The Bethe Lecture Series - Spring 2009
March 23–25, 2009
Dr. Paul C. W. Chu
Hong Kong University of Science and Technology
University of Houston
Lawrence Berkeley National Laboratory
Professor Paul C. W. Chu is the President of the Hong Kong University of Science and Technology (HKUST). He is also the Executive Director of Texas Center for Superconductivity and the T. L. L. Temple Chair of Science at the University of Houston. He was born in Hunan, China, and received his B.S. degree from Cheng-Kung University in Taiwan, an M.S. degree from Fordham University NY, and a Ph.D. degree from the University of California at San Diego.
Professor Chu had conducted industrial research at Bell Laboratories at Murray Hill, New Jersey before he held academic appointments at Cleveland State University and the University of Houston. He also served as consultant and visiting staff member at various national and industrial laboratories.

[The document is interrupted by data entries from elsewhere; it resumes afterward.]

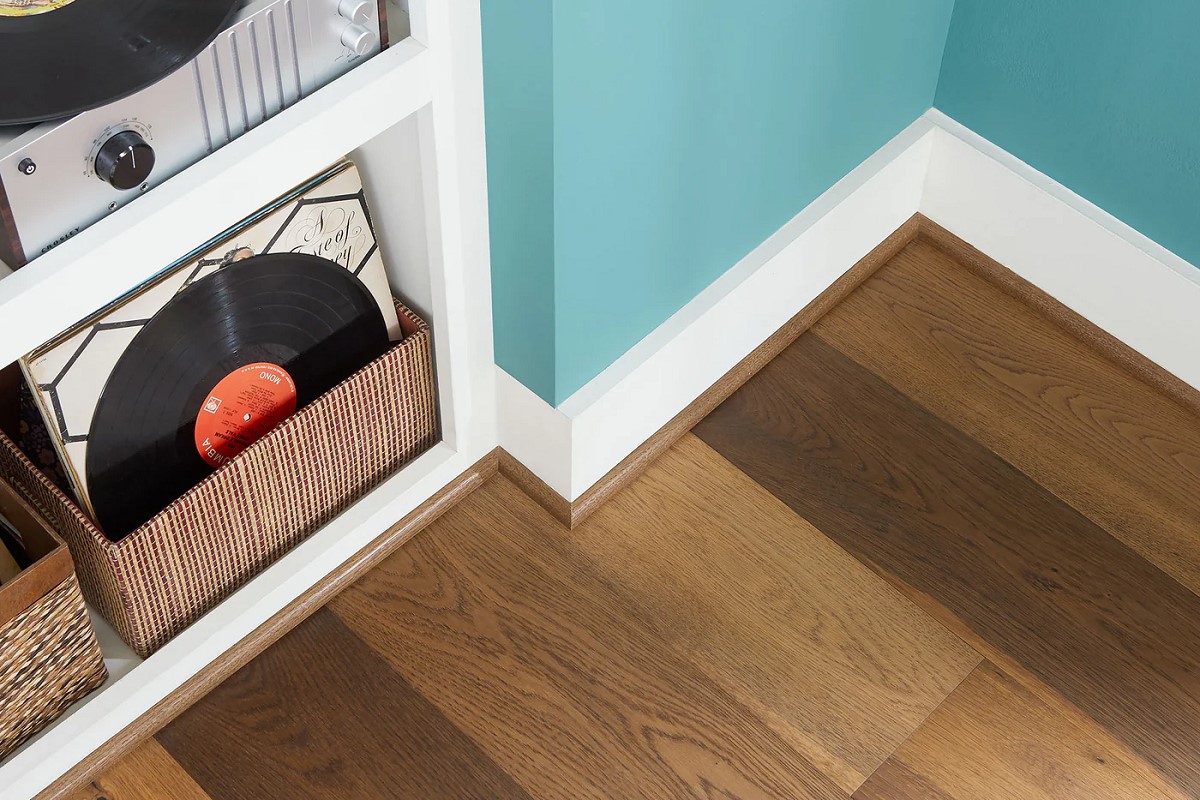 Quarter round molding along the wall with wooden floors.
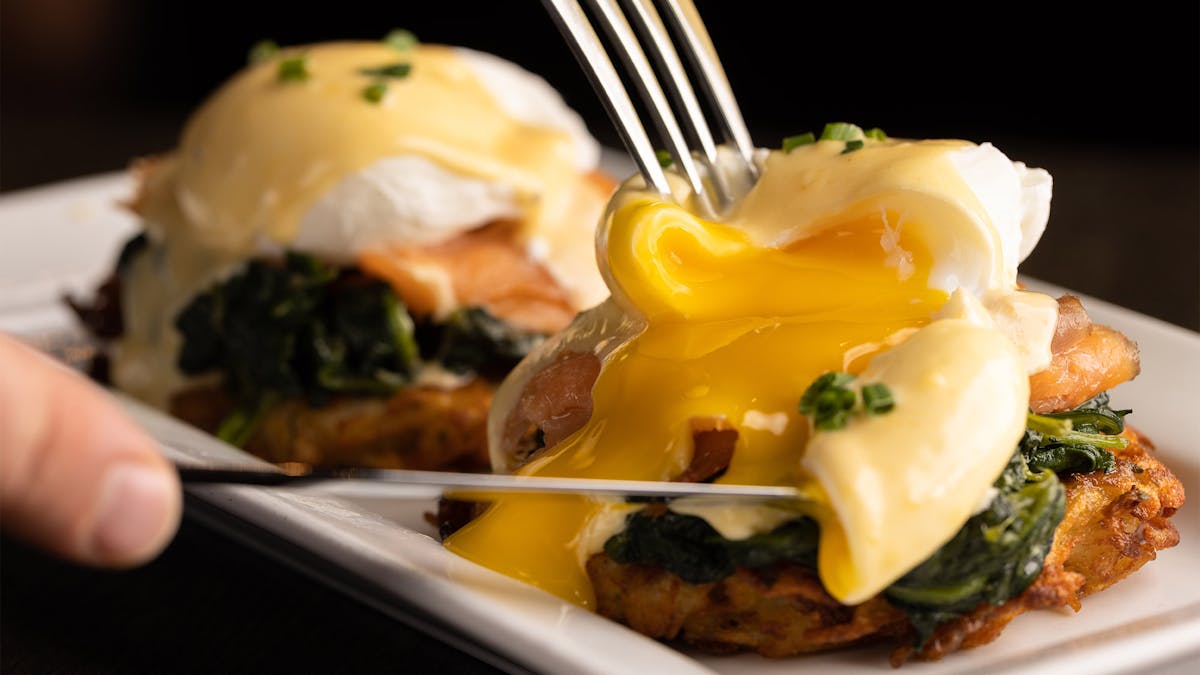 cutting into the poached egg of our Eggs Benedict Florentine brunch dish at Astoria's Rivercrest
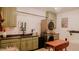 Laundry room with green cabinetry and modern washer and dryer at 42 Miry Branch Ct, Garner, NC 27529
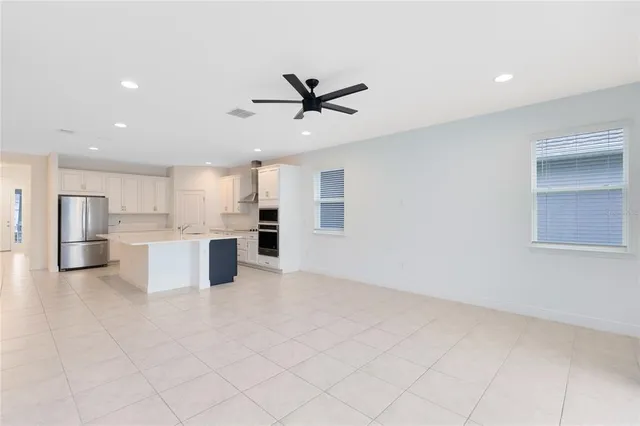 a view of kitchen with a sink stainless steel appliances and cabinets
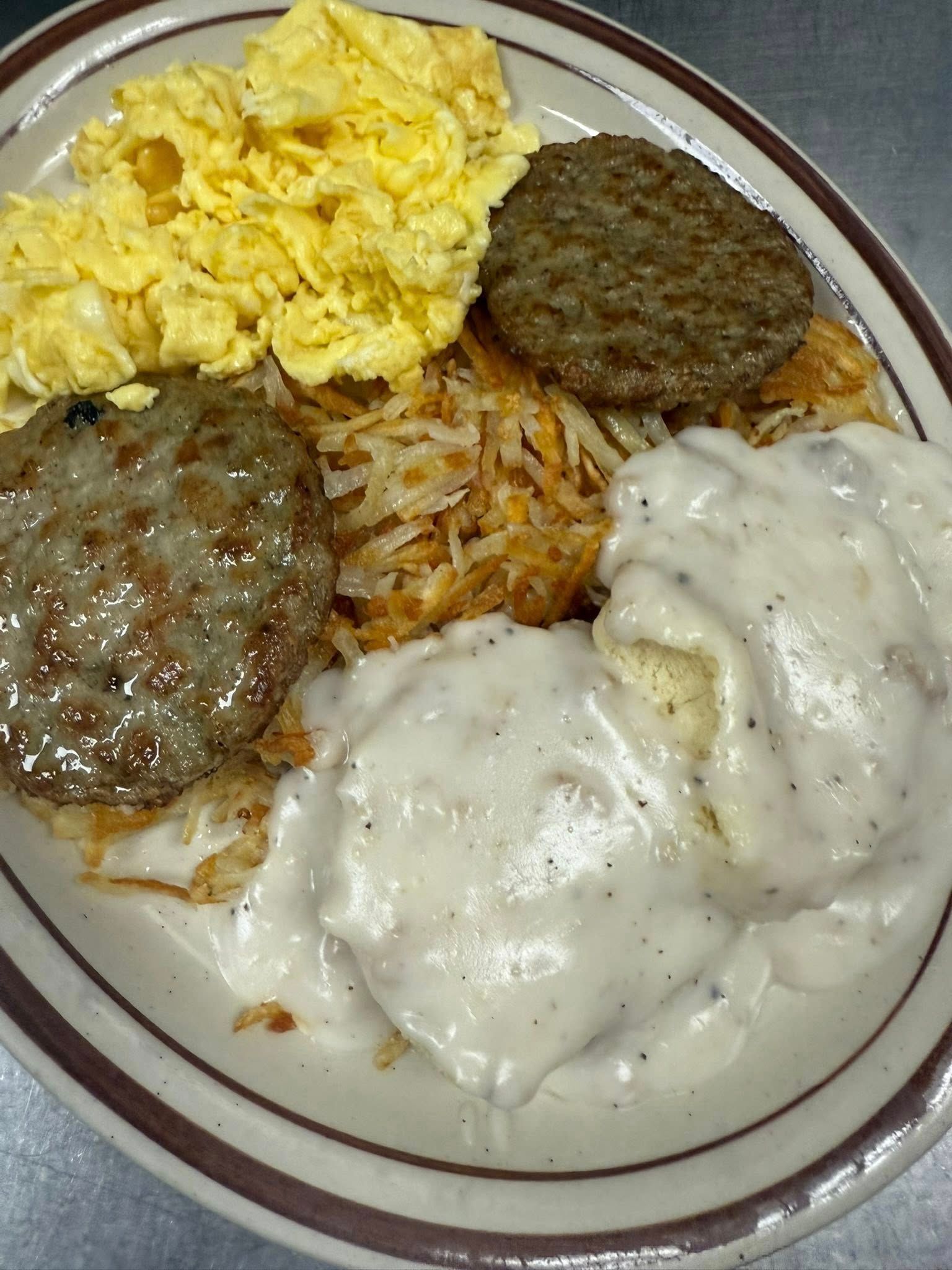 Plate of breakfast food with scrambled eggs, hash browns, sausage patties, and biscuits with white gravy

After assuming the presidency of HKUST in 2001, Professor Chu has set out to further raise the profile of the University internationally. In June 2005, Prof Chu launched the HKUST Strategic Plan 2005-2020 which envisions the development of HKUST into one of the world’s academic leaders in five academic fields, namely nano-science and nano-technology, biological sciences and biotechnology, electronics, wireless and information technology, sustainable development and energy, as well as management education and research. He has also initiated the establishment of an Institute for Advanced Study at HKUST which is dedicated to the advancement of knowledge to meet the great challenges of the 21st century.
Professor Chu has been instrumental in expanding HKUST’s partnership with the Government and the region’s industries. Several major institutes have been established under the sponsorship of the Government and the private sector, with the R&D Center for Nanotechnology and Advanced Materials, a $400 million initiative, being the latest example of the successful partnership.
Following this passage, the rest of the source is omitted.